US and China unite over Iran issue
US president Barack Obama has said he and Chinese president Hu Jintao want to ensure that Iran lives by "international rules and norms" amid fresh allegations that Tehran is conducting nuclear weapons work in secret.
Mr Obama's meeting with his Chinese counterpart on Saturday followed a lengthy discussion with Russian president Dmitry Medvedev on the sidelines of the Asia-Pacific summit in Hawaii.
As he met with Mr Medvedev, the US leader told reporters the US and Russia intend to "shape a common response" to Iran's nuclear efforts.
The meetings came the day after the International Atomic Energy Agency circulated a report and documents that it says suggest Iran has been conducting research and procurement that could lead to a nuclear bomb.

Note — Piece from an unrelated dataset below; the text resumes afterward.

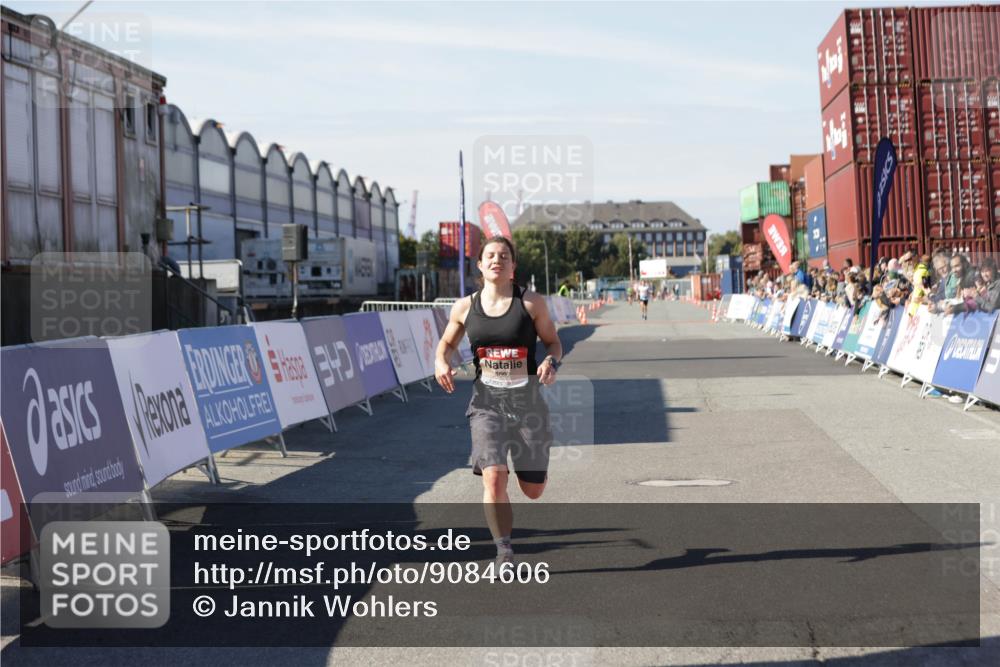 03.10.2025 - Köhlbrandbrückenlauf Jannik Wohlers http://msf.ph/oto/9084606 03.10.2025 12:52:02 Ziel 4092 meine-sportfotos.de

Iranian officials insist their nuclear programme is only for energy and research, and call the IAEA evidence a US fabrication.
Meanwhile, Mr Hu said growing economic instability and uncertainty around the globe mean it is more important for China and the United States to increase their cooperation.
The Chinese premier and President Obama spoke at the start of a meeting during an Asia-Pacific economic summit in Hawaii.
Mr Hu said the Asia Pacific region is the most dynamic region of the world and should become a region of active cooperation between the US and China.
Mr Obama said cooperation between the two countries was vital to their prosperity and the prosperity of nations around the globe.
Mr Hu did not address US concerns over intellectual property and China's undervalued currency, which keeps Chinese exports cheaper and US exports to China more expensive.